A pharmaceutical composition comprising a monoclonal antibody that recognizes a polypeptide in the extracellular region of SLC6A6 or a fragment thereof.
The pharmaceutical composition according to claim 2, wherein the polypeptide in the extracellular region is at least one selected from the following (a) to (c).

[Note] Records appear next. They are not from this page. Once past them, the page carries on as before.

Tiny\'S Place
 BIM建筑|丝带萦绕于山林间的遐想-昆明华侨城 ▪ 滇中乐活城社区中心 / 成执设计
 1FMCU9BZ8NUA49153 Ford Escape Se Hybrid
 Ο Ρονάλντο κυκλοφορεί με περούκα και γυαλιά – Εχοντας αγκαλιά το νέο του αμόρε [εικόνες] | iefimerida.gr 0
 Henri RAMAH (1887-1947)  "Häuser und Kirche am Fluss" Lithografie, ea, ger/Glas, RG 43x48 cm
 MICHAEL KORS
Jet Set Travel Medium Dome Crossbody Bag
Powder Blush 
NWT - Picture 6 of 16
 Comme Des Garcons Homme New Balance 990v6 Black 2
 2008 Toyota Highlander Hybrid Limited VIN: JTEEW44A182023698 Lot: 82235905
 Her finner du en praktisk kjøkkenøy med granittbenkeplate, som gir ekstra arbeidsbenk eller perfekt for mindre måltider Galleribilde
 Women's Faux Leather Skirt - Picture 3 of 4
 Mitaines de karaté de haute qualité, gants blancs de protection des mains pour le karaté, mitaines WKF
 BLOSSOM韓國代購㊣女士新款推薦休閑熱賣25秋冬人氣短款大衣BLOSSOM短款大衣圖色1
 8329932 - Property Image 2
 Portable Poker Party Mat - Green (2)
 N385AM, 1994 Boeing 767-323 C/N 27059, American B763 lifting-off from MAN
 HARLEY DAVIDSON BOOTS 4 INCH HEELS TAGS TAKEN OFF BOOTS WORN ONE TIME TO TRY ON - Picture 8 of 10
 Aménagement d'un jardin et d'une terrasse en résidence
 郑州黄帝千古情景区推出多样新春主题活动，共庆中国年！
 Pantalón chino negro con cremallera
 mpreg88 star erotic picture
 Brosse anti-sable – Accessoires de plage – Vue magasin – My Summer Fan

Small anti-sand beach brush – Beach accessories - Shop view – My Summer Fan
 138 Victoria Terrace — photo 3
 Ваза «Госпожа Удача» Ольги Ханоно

(A) a polypeptide consisting of the amino acid sequence shown in SEQ ID NO: 4 (b) consisting of an amino acid sequence in which one or several amino acids are substituted, deleted and / or inserted in the amino acid sequence shown in SEQ ID NO: 4, And a polypeptide functioning as an extracellular region of SLC6A6 (c) a polypeptide comprising an amino acid sequence having 70% or more homology to the amino acid sequence represented by SEQ ID NO: 4 and functioning as an extracellular region of SLC6A6
A pharmaceutical composition comprising a monoclonal antibody against SLC6A6 or a fragment thereof produced by a hybridoma having a deposit number of FERM BP-11413 or FERM BP-11414.
A pharmaceutical composition comprising a monoclonal antibody against SLC6A6 or a fragment thereof, which binds to an epitope recognized by the monoclonal antibody or a fragment thereof according to claim 4.
The pharmaceutical composition according to any one of claims 1 to 5, wherein the monoclonal antibody is humanized or humanized.
The pharmaceutical composition according to any one of claims 1 to 5, wherein the monoclonal antibody is fused.
The pharmaceutical composition according to any one of claims 1 to 7, for treating colorectal cancer.